*** Opening of Information provided ***

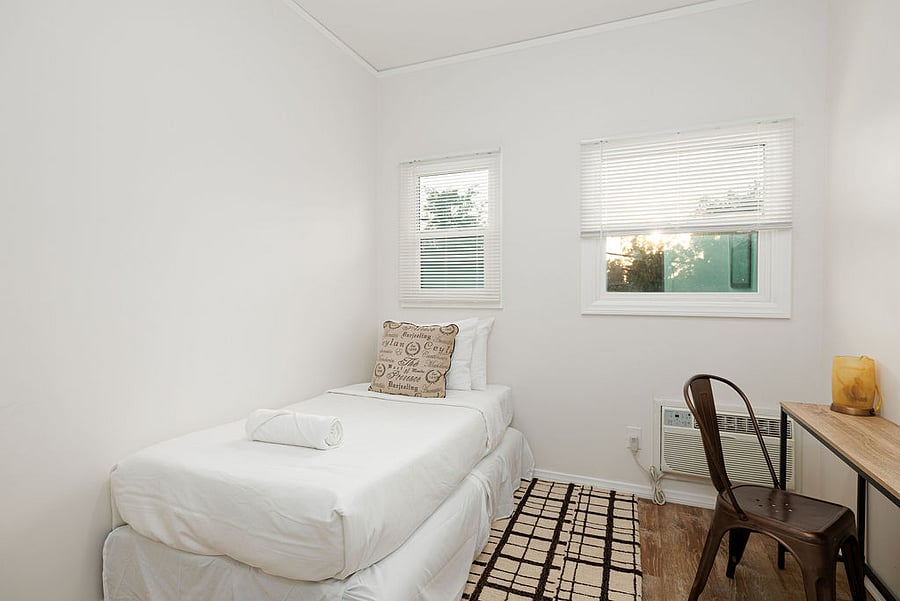 Furnished Finder property 887144_1 photo 16
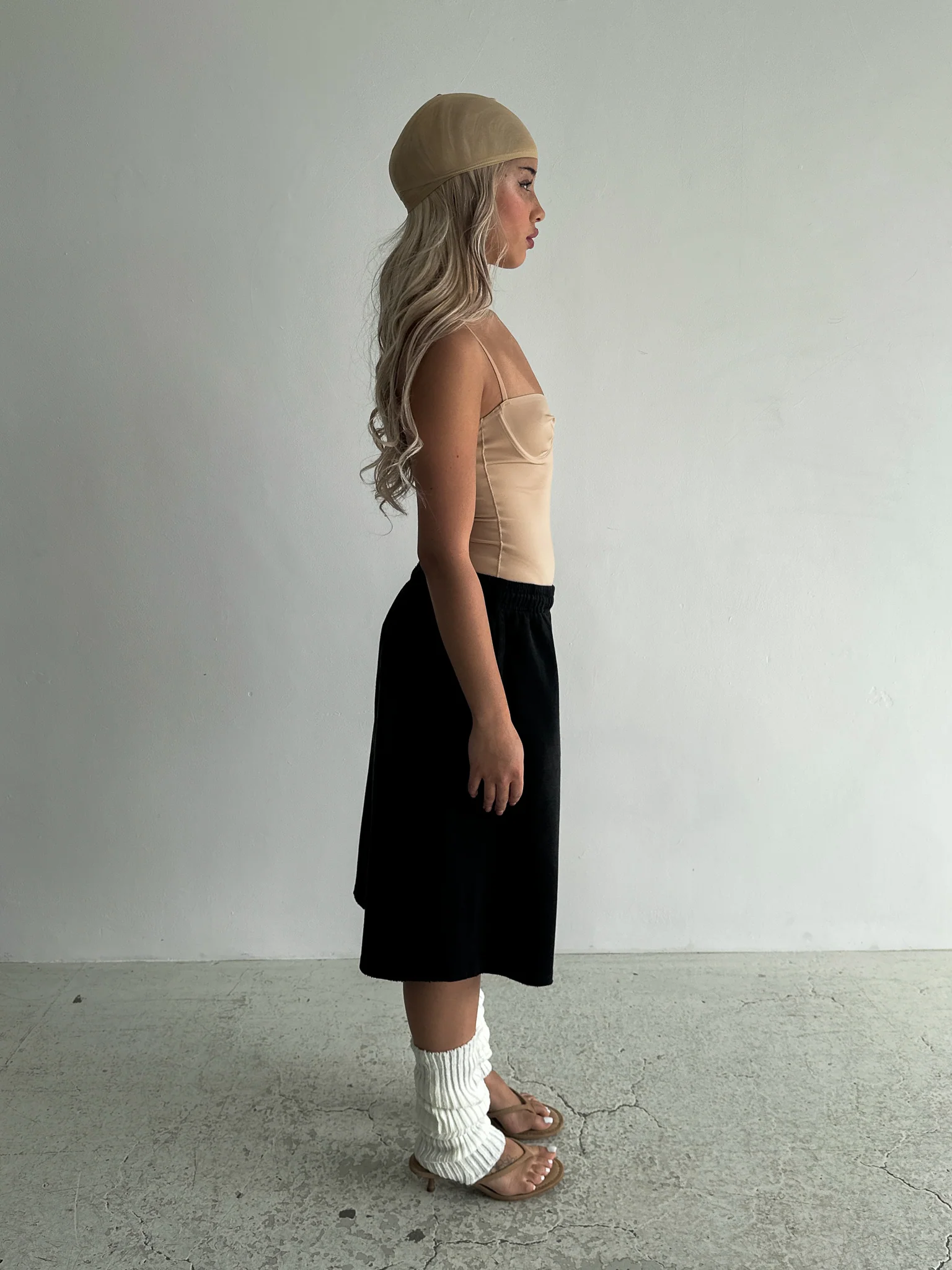 AGED SHORTS - Black - Image 7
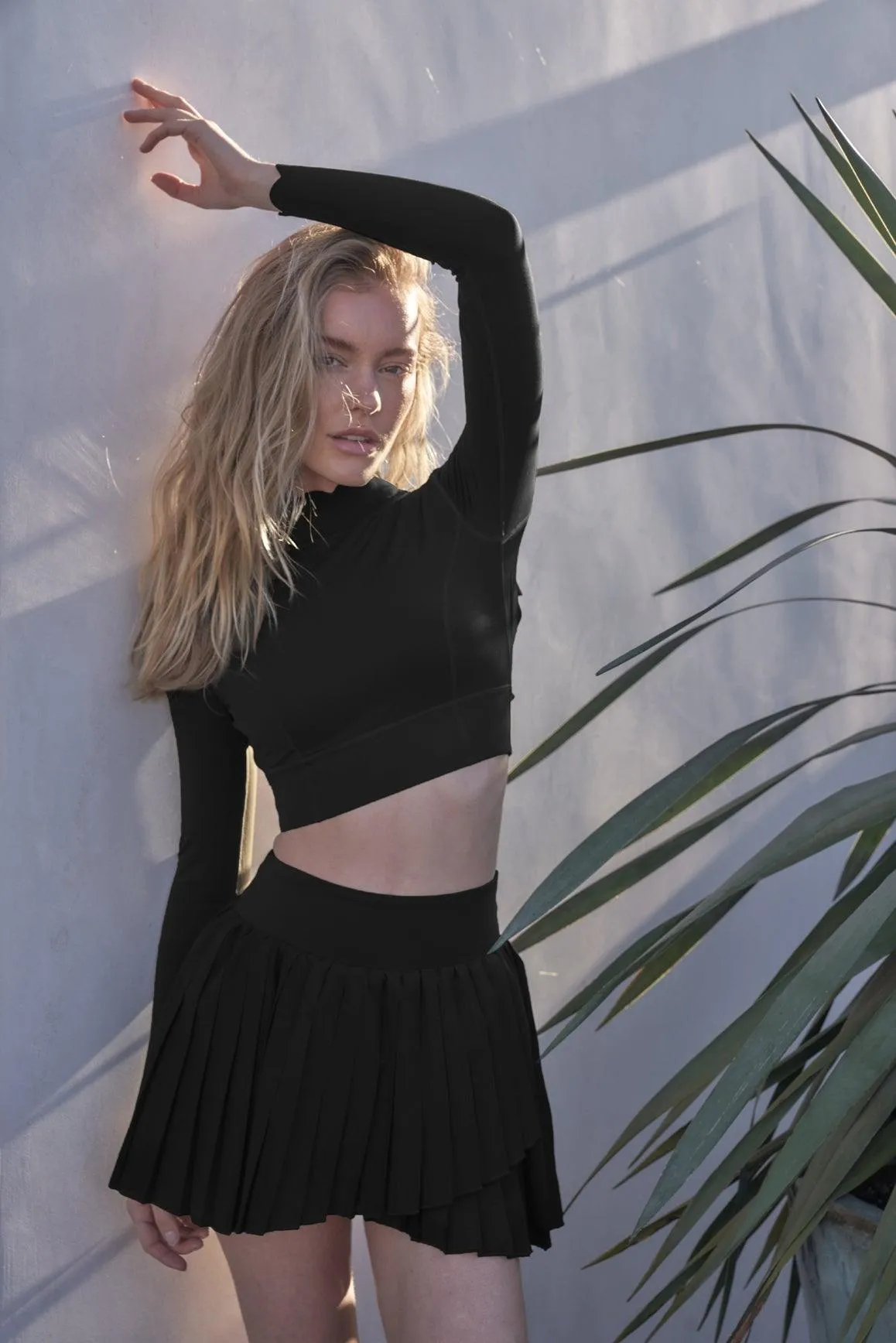 WISKII Pleated Skirt Resort Vacation Foil Print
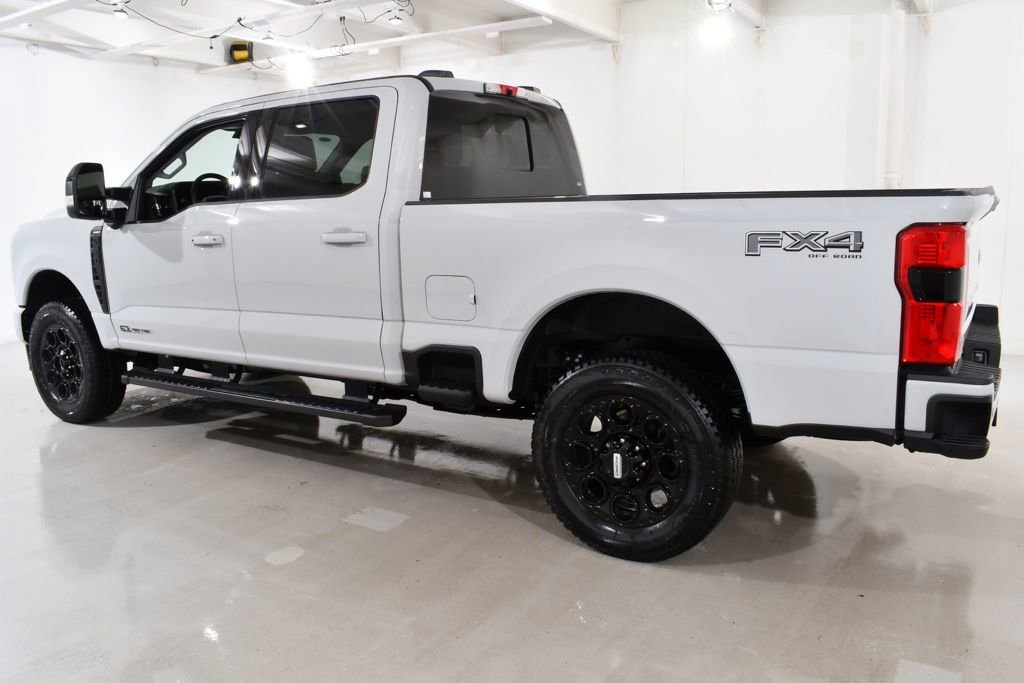 New 2026 Ford F350 Lariat w/ Black Appearance Package AWD/4WD image 15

*** Close of Information provided ***

◆ Task brief ◆
The copy must start at the line containing "AGED SHORTS - Black - Image 7" and stop at the last line of the listing, both included, with every line exact and no pictures.

◆ Answer area ◆
 AGED SHORTS - Black - Image 7
 WISKII Pleated Skirt Resort Vacation Foil Print
 New 2026 Ford F350 Lariat w/ Black Appearance Package AWD/4WD image 15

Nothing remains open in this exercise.